Her first journey will take her to Italy in October for 10 days, the second to the Netherlands in May 2010.
“Turkish Cypriot women living on this small island feel that they are stuck on this land both physically and spiritually. According to research of recent years, Turkish Cypriot women who had always found it difficult to express their desires in the past have now begun to state their wishes more easily. They have started to question and analyse amongst themselves what they want to do and what they can’t.
The quality of life here has been blighted by the continuing war, the politics of self-interest that prevails in Cyprus, and the consequent economic problems caused by those politics. As a result, the individuals of this country are victims of all the cultural and economic obstacles arising from the embargoes and political mistakes on this island.
A community which is cut off from the rest of the world also suffers from a lack of technological development, as they lose out in the global competition to export their limited production. The alternative has been a vast number of people gravitating to working for the government, giving rise to a community who cannot produce on their own, who cannot be creative. A community whose creative skill has been stifled, and who has been encouraged to work in the government feels left out, cut off from the rest of the world. That brings psychological problems both on the community as a whole and to its individuals. But in all this chaos, what is the situation of Turkish Cypriot women?

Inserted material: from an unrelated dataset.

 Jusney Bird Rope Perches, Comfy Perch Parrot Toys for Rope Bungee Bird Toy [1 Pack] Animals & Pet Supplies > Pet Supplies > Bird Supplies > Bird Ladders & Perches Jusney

Many Turkish Cypriot women constantly question themselves and their situation and ask whether the world is fair in allocating the opportunities available to women. They contrast the rights that have been accorded them with the rights accorded to other women in the rest of the world.
Even though Turkish Cypriots are Muslims culturally, they have never perceived religion per se as their guiding force. However, Islam is a patriarchal religion, and that patriarchal aspect is a dominating factor in women’s lives as it is in other places of the world. Many women cannot improve their creative skills because of this mentality. They cannot find a way to surmount this obstacle.
Woman and Art
According to research, the sector of Turkish Cypriot women with the highest sense of awareness is formed by those who are artists. Many of them believe that the best way they can integrate with the rest of the world is through art. But they have yet to surmount the obstacles that confront them, and being unable to share what they have created with the rest of the world, they come to feel almost invisible. Being in touch with other European artists, however, they would have the opportunity to see their conditions from the outside, as it were, and where they are placed in the world. If we assume that art is universal, Turkish Cypriot women must be given the opportunity to get in touch with European artists to improve their art. I believe that there should be opportunities for dialogues to develop between Turkish Cypriot women artists and Women’s Associations in Europe, and that those dialogues should be documented and transferred to the Women’s Associations and women in Cyprus.”
The second project is a residency in Cape Town organised by the Commonwealth Foundatıon. Sevcan’s work was selected by the Foundation as 6th out of 430. The residency will last for three months starting in January 2010 where she will work at the University together with artists. During this period she will (a) create and share her own work with others, and (b) she will be taught two subjects she has chosen, that is the bronze casting sculpture process and sculpting with wax. At the end of the three months stay an exhibition will be organised for her.
For her it will be the very first time she has been away from the country by herself for such a long period. But she will not be alone. There is a Turkish Cypriot artist living in Cape Town, a friend of ours, and also an international crowd of artists, and among artists, you are never alone because you all are in the business of creating things, and that is a common language in itself.
Before she starts on these adventures, Sevcan will be holding an exhibition in Istanbul beginning of October 2009, to which she will take her clay family by ship. The exhibition will be at the Dolmabahce Gallery in the gardens of Dolmabahce Palace. What an undertaking!
When she has completed these wonderful projects, she says, she will teach others the bronze casting sculpture process and wax sculpting. We wish her not only luck but success and the wider horizons that only travel and new friends can bring.